Supplied material START
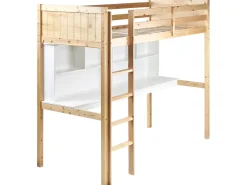Letto matrimoniale alto con scrivania Legno di pino FOUCAMONT 90 x 200 cm Marrone chiaro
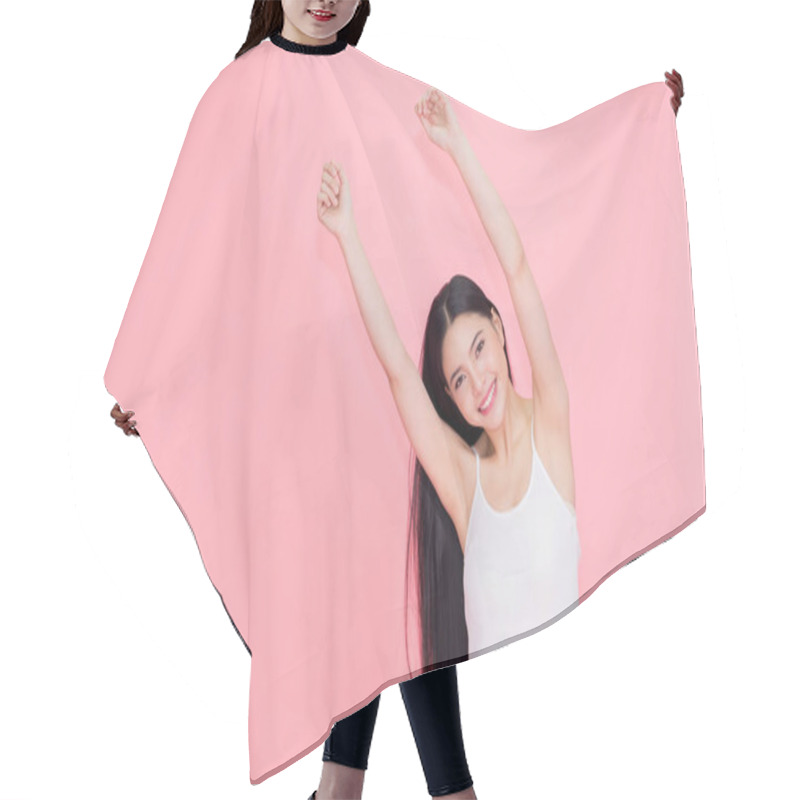 Personality  Happy And Cheerful Smiling Asian 20s Woman Raising Hands Up For Positive Feeling And Celebration Isolated Over Pink Background Hair Cutting Cape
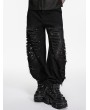 Punk Rave Black Gothic Punk Tattered Denim Pants for Men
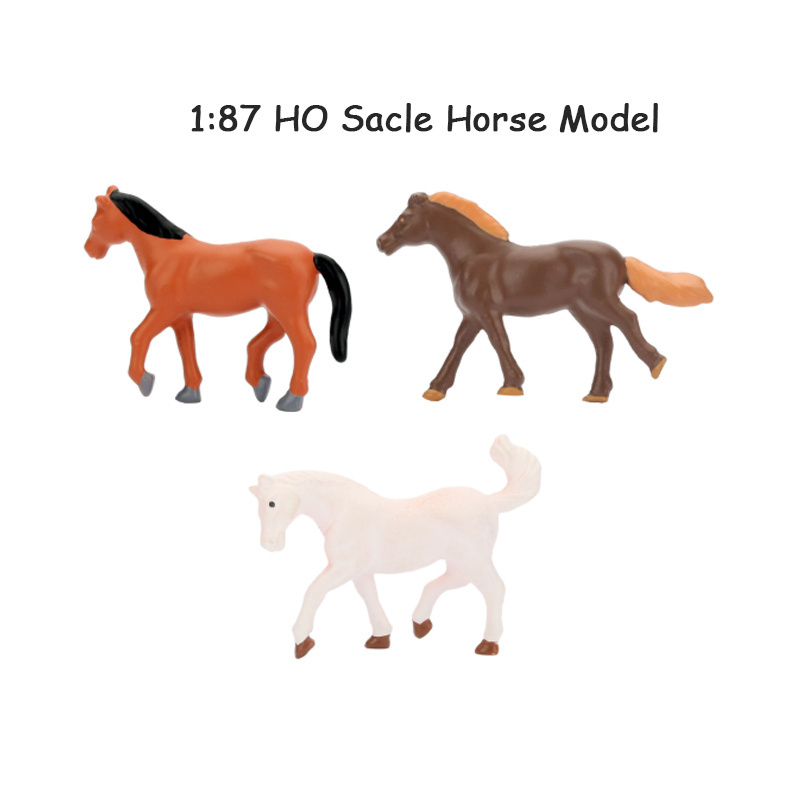 QS Customized Farm Animals Figure Set Toy Kids Train Railway Painted 3PCS 1:87 HO Scale Miniature Horse Cows Animal Model Toys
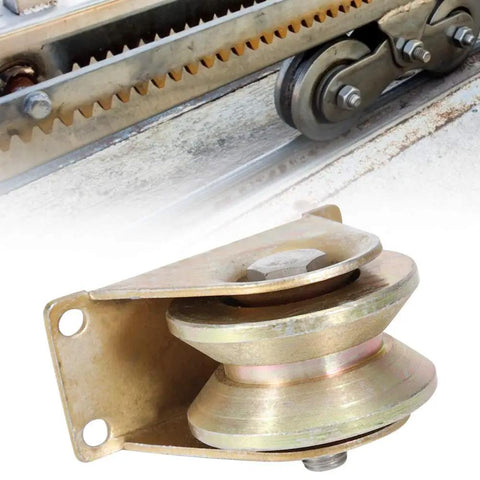 Professional Grade Kickass Heavy Duty V Groove Wheels For Sliding Gates And Patio Doors 2 Pack 60 Millimeter Steel Casters With Mounting Brackets close-up of wheel setup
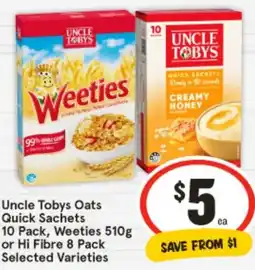 IGA Uncle Tobys Oats Quick Sachets offer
Supplied material END
**What you will do**
Take the line containing "QS Customized Farm" and every line after it to the end of the records, and restate them verbatim, with no pictures.

**Answer below**
 QS Customized Farm Animals Figure Set Toy Kids Train Railway Painted 3PCS 1:87 HO Scale Miniature Horse Cows Animal Model Toys
 Professional Grade Kickass Heavy Duty V Groove Wheels For Sliding Gates And Patio Doors 2 Pack 60 Millimeter Steel Casters With Mounting Brackets close-up of wheel setup
 IGA Uncle Tobys Oats Quick Sachets offer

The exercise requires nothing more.